_TASK BRIEF_:
Print the lines that run from the line with "ADMIRALBET ABA LIGA" to the line with "Couverture de l'album", keeping both end lines, exactly as they appear in the entries below, and nothing else.

───

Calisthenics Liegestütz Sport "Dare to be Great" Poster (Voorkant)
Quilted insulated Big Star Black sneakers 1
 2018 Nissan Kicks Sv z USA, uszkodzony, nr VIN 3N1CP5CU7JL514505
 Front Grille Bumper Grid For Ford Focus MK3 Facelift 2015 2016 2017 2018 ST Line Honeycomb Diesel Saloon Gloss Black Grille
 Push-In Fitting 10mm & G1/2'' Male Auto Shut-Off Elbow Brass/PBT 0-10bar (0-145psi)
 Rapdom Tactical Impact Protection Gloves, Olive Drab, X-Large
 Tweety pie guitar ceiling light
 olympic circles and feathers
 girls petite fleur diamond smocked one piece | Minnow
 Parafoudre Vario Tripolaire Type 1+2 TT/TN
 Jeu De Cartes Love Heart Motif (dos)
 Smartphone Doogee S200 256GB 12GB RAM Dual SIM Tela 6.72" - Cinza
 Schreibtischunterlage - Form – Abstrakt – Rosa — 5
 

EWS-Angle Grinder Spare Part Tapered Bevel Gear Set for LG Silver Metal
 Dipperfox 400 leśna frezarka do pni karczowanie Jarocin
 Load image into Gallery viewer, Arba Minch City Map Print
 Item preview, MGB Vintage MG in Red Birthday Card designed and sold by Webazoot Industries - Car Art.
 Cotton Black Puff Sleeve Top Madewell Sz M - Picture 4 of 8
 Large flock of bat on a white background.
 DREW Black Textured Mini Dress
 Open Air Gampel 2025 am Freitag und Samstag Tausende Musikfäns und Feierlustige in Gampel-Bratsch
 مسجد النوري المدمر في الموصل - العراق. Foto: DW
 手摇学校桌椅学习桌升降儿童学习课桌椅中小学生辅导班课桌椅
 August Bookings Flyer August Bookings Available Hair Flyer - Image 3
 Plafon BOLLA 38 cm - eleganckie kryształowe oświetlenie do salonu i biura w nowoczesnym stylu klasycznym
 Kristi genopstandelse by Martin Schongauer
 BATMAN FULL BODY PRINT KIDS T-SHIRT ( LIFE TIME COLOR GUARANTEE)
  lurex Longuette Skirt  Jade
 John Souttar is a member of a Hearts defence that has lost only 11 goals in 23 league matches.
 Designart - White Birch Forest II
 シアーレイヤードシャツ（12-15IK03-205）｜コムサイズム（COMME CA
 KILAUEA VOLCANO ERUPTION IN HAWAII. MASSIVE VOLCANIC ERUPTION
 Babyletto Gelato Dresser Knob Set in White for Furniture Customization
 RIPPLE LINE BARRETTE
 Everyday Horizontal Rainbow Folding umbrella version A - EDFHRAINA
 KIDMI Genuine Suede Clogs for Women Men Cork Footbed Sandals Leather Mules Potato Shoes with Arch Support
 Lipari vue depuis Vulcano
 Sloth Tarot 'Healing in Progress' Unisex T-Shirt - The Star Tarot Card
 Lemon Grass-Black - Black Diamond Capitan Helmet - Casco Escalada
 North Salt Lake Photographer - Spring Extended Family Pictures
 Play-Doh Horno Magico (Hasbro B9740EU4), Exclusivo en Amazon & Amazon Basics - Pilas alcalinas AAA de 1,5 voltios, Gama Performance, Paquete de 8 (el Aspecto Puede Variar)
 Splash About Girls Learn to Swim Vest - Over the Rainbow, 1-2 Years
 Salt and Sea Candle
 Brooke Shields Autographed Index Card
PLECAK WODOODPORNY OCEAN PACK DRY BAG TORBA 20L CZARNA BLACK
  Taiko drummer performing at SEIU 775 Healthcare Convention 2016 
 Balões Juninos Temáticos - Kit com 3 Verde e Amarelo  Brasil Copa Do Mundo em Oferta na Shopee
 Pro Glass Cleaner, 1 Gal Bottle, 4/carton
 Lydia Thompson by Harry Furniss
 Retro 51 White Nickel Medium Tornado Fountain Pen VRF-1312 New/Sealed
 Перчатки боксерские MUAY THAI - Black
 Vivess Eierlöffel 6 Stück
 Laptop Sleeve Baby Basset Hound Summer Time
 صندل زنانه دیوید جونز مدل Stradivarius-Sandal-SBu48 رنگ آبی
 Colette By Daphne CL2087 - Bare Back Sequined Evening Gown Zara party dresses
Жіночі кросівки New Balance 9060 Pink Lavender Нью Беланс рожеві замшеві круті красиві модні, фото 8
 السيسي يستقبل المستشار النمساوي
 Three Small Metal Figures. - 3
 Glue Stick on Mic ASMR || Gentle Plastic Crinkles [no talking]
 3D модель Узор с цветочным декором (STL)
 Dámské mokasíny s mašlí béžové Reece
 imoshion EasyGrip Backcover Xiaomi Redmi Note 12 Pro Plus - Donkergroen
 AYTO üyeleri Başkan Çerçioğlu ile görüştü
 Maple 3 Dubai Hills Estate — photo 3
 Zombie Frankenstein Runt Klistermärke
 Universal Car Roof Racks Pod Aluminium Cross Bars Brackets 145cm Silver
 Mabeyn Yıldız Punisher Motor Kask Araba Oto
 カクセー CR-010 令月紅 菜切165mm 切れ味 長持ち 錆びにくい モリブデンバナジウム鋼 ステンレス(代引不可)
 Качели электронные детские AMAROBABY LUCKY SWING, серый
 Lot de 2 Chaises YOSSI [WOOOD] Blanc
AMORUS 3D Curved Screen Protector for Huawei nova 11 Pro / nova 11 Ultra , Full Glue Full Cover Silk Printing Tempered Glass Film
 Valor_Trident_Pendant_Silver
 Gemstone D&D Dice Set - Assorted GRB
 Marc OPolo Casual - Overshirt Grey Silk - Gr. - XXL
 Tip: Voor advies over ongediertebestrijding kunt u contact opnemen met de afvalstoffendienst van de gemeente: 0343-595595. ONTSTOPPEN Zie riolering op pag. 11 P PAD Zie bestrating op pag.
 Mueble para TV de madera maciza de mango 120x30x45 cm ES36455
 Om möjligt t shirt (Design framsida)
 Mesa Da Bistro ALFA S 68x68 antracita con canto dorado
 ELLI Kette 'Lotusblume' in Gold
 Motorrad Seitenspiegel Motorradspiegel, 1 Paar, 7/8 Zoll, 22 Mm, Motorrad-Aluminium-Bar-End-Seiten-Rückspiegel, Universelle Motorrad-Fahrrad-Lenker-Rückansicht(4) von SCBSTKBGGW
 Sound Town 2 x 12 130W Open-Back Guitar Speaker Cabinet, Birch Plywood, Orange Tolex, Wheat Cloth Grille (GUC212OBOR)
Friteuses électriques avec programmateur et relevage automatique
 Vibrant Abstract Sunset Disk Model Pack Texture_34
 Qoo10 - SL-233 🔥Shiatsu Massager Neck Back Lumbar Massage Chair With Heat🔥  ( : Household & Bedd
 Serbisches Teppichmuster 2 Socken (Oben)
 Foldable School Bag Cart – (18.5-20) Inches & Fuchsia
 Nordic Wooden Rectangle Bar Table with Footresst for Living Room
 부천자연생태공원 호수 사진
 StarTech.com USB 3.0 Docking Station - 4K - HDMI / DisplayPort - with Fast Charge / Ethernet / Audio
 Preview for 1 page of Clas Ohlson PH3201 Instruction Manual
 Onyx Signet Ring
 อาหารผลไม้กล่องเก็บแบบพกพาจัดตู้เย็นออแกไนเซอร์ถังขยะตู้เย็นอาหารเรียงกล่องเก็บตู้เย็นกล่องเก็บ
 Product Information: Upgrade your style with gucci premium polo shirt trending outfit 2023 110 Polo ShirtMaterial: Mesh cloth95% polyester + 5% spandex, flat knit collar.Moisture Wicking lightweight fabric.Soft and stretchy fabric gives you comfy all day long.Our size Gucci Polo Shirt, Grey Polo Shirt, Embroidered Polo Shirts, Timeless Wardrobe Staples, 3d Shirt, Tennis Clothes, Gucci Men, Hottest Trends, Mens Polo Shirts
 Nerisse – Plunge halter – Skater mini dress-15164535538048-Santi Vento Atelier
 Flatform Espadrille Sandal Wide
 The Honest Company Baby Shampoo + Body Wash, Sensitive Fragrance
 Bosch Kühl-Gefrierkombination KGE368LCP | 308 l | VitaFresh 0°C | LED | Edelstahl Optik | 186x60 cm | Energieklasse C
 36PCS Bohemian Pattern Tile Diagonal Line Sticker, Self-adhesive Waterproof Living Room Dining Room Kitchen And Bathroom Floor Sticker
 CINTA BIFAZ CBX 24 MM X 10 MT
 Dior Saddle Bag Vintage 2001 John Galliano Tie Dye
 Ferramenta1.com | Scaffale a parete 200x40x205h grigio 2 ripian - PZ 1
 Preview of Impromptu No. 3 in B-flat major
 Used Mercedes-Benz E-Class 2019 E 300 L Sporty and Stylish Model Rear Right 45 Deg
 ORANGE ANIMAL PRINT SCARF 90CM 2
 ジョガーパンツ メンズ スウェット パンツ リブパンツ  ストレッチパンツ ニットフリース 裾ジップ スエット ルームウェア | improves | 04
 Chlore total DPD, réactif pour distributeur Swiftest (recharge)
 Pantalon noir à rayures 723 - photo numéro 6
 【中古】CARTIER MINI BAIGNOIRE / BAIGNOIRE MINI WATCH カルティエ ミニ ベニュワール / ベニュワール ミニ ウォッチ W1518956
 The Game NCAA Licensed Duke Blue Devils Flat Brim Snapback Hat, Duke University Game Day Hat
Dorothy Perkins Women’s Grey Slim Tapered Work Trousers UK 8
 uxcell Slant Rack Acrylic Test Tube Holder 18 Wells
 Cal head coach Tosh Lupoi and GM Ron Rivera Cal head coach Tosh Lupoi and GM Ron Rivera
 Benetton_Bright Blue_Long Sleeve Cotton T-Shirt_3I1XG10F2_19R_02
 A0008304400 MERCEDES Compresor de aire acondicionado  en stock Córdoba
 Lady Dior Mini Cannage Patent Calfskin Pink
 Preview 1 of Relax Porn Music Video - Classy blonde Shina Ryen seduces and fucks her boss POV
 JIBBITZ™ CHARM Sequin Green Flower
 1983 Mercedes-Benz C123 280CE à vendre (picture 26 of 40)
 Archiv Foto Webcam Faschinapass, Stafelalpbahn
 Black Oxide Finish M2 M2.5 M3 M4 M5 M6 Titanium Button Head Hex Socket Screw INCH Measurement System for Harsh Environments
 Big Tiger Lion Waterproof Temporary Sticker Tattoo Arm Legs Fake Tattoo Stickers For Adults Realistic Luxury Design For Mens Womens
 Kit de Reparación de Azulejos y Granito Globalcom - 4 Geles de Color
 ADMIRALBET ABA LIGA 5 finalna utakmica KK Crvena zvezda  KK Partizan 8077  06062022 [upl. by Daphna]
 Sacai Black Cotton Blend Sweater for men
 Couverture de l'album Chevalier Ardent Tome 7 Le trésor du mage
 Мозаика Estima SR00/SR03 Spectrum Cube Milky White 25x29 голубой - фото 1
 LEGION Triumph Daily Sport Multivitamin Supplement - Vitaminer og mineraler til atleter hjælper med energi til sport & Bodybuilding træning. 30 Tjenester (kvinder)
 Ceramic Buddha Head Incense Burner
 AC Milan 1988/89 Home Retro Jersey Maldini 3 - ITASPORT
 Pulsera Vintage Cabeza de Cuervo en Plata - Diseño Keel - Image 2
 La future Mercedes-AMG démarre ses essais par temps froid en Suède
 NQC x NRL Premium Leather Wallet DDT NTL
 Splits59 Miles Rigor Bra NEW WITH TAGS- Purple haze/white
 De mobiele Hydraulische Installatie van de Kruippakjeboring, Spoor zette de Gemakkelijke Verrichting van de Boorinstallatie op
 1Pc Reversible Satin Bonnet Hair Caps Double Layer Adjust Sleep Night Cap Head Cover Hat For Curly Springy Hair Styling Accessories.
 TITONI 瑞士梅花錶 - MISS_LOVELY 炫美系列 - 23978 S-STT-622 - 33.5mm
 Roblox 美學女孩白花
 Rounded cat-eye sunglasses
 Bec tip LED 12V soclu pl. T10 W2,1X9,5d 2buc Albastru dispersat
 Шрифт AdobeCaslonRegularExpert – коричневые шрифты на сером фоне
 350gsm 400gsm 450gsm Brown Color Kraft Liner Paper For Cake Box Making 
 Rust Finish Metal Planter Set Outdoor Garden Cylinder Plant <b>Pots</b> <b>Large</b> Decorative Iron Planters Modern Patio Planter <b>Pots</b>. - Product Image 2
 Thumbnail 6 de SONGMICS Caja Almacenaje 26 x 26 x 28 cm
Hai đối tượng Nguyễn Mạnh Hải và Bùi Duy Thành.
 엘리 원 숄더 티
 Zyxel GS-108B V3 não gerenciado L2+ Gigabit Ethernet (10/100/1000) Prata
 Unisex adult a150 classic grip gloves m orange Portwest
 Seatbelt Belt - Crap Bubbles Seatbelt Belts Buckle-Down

───

_RESPONSE BELOW_:
 ADMIRALBET ABA LIGA 5 finalna utakmica KK Crvena zvezda  KK Partizan 8077  06062022 [upl. by Daphna]
 Sacai Black Cotton Blend Sweater for men
 Couverture de l'album Chevalier Ardent Tome 7 Le trésor du mage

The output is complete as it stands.